Mike Tomlin, Michael Vick

Pittsburgh Steelers head coach Mike Tomlin, left, greets Philadelphia Eagles quarterback Michael Vick (7) as the team’s warmup before an NFL preseason football game on Thursday, Aug. 18, 2011 in Pittsburgh. (AP Photo/Keith Srakocic)

AP

The issuance of statements from the NFL insisting that quarterback Mike Vick wasn’t steered to the Eagles and from Vick insisting that the decision to go to the Eagles was his and his alone implies the existence of a conflict with the GQ interview in which his comments regarding an initial reluctance to go to Philadelphia appeared. And for good reason. The interview widely has been interpreted as suggesting that the league at best nudged Vick to the Eagles and at worst packed him with foam peanuts in a box bound for the City of Brotherly Love. The author of the interview, however, sees no inconsistency.

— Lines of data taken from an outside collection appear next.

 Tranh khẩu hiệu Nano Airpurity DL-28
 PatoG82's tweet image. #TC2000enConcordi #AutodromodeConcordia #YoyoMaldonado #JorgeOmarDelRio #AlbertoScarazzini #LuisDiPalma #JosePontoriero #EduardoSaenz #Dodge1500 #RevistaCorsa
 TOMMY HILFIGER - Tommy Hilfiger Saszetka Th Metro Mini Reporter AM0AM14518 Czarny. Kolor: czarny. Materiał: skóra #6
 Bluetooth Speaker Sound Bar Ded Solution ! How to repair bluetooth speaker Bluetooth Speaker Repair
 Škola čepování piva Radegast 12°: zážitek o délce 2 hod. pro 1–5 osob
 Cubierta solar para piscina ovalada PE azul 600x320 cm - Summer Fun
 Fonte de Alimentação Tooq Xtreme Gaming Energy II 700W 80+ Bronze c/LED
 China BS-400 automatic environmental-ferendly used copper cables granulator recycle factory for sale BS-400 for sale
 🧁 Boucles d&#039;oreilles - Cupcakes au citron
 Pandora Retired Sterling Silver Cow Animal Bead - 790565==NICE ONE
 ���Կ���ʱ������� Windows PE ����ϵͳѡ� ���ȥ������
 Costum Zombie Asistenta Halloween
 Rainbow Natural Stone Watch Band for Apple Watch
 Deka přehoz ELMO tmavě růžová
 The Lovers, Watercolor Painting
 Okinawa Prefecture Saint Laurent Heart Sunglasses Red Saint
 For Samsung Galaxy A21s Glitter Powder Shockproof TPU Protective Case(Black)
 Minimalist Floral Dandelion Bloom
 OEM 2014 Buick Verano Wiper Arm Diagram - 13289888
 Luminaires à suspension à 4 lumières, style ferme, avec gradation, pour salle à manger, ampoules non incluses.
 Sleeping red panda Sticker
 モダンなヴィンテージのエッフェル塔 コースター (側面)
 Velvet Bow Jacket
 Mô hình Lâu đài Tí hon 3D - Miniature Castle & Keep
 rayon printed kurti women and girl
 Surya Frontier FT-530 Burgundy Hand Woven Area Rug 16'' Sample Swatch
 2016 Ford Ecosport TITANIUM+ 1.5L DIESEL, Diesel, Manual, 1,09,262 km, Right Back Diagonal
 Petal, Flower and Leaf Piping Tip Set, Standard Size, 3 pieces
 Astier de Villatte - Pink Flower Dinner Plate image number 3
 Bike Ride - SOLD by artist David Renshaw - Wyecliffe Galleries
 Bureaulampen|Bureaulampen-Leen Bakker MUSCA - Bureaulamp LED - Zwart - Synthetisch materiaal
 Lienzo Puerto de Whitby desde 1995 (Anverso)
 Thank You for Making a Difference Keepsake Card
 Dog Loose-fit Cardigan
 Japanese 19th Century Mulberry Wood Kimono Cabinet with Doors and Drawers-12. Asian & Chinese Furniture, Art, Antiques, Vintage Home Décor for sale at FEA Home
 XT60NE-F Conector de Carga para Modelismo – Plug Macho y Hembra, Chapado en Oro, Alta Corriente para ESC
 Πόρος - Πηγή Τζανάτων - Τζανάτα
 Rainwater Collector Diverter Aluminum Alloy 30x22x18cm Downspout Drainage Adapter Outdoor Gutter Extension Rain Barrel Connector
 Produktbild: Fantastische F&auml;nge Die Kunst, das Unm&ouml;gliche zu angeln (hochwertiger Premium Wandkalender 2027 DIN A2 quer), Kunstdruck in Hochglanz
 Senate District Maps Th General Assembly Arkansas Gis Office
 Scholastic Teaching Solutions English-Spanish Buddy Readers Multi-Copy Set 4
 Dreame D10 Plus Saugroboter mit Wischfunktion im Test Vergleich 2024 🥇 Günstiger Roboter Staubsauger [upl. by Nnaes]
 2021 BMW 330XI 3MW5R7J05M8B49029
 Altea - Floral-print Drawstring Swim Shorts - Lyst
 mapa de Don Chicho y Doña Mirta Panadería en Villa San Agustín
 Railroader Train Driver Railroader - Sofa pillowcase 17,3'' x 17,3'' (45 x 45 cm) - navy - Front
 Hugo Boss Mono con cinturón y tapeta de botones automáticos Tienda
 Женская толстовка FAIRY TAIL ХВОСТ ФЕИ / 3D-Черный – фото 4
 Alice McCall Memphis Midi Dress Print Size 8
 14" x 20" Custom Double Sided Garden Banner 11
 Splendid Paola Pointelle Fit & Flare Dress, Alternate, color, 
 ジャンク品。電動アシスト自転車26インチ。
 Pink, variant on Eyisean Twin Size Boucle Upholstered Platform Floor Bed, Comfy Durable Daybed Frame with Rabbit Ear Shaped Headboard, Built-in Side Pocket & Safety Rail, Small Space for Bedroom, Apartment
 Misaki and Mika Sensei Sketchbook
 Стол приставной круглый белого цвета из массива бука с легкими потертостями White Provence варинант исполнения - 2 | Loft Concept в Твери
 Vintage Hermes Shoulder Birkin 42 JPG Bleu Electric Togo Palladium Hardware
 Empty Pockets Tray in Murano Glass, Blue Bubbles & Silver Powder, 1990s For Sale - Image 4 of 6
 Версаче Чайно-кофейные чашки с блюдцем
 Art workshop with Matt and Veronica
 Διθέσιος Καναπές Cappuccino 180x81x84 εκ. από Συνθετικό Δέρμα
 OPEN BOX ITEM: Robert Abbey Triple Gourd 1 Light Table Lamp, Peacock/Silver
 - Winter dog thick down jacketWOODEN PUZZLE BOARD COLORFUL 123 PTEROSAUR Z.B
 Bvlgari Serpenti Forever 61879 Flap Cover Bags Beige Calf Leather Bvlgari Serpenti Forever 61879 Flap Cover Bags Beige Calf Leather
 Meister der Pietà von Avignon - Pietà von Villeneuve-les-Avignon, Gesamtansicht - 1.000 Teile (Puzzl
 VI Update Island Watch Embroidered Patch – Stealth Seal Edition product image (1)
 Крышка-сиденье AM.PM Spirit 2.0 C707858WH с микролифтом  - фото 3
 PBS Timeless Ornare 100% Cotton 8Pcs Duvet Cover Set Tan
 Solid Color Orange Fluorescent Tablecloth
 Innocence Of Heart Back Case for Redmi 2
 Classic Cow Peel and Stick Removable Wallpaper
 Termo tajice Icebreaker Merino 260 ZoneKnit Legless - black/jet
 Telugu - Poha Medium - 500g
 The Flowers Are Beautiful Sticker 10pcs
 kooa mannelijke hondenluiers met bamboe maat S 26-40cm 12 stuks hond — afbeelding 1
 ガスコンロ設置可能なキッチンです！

“The story stands on its own,” Will Leitch told PFT via e-mail on Thursday. “I obviously recorded the whole interview (I cannot take notes that fast) and it went through the lengthy -- oh, how lengthy -- GQ fact-checking process several times over.

“The story never claims that Goodell ‘steered’ him into signing with Philly, or that he was ‘forbidden’ from signing with Buffalo or Cincinnati. That came from the Deadspin piece last night, which everyone ran with. (Those Deadspin rascals. CAN’T TRUST ‘EM.)”

Leitch is the founder of Deadspin. He remains the site’s Editor Emeritus. Though we’re tempted to characterize his comments as a case of Deadspin-on-Deadspin crime, he’s clearly joking. (Unfortunately.)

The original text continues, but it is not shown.